Normalisation (sound_norm)

@erogol I see in the recent PR you’ve added several new features from dev, including “sound_norm” in the AudioProcessor.

From what I can see this normalises the output audio when it’s loaded, but it isn’t (yet) set in config. This simply normalises the volume level right, whereas the spectrogram normalisation ensures the spectrogram is a consistent size, right?

Is sound_norm ready for people to have a go experimenting with different values for it? Happy to give it a shot but my GPU resources are limited so thought I’d ask first :slightly_smiling_face:

Do you mean input? I’ve been trying to normalize input audio volume to have a better training phase. Also, is normalising the spectrogram better than normalising the audio? I didn’t quite get that bit you stated about that.

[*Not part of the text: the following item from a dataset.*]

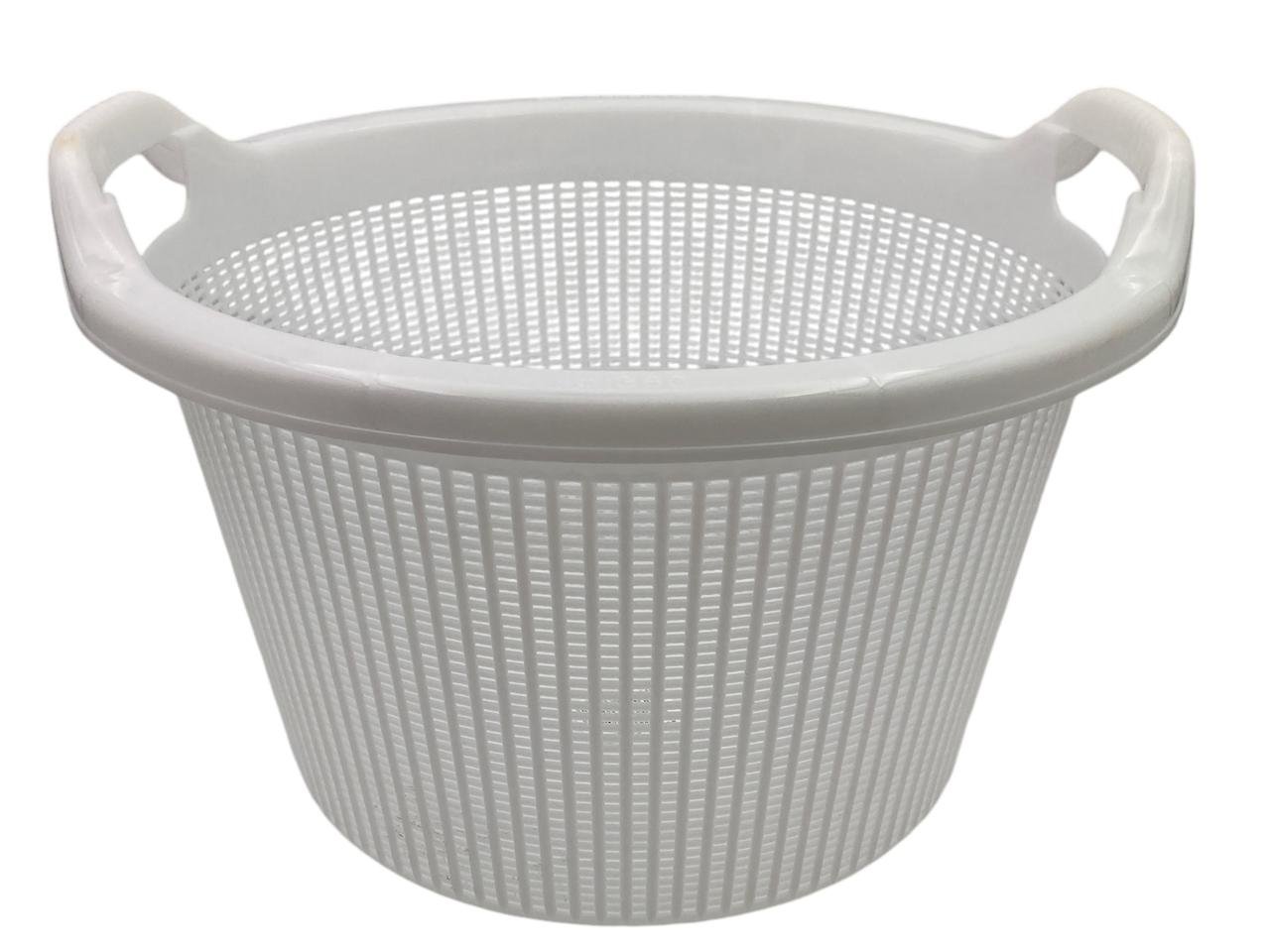 6c9f2a4d0c567f7b7f40549b94666e00.jpg Industrial deep plastic strainer 43 cm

Sorry, yes the input audio.

I’m probably not the best person to explain the spectrogram normalisation, but it was the code for functions like this that ends with a normalisation step (that appears to be on the spectrogram but I could be reading that wrongly!)

1 Like

Ah interesting! I’ll invest some time on it tomorrow. Also interested in knowing if the volume normalization is ready to be used.

Yes sound norm is ready to use, I just forgot to put it to config.json. Adn all your assumptions are correct.

‘sound_norm’ is useful especially for multi-speaker training.

PS. we need to implement a better config scheme. ‘config.json’ is getting cumbersome to use.

1 Like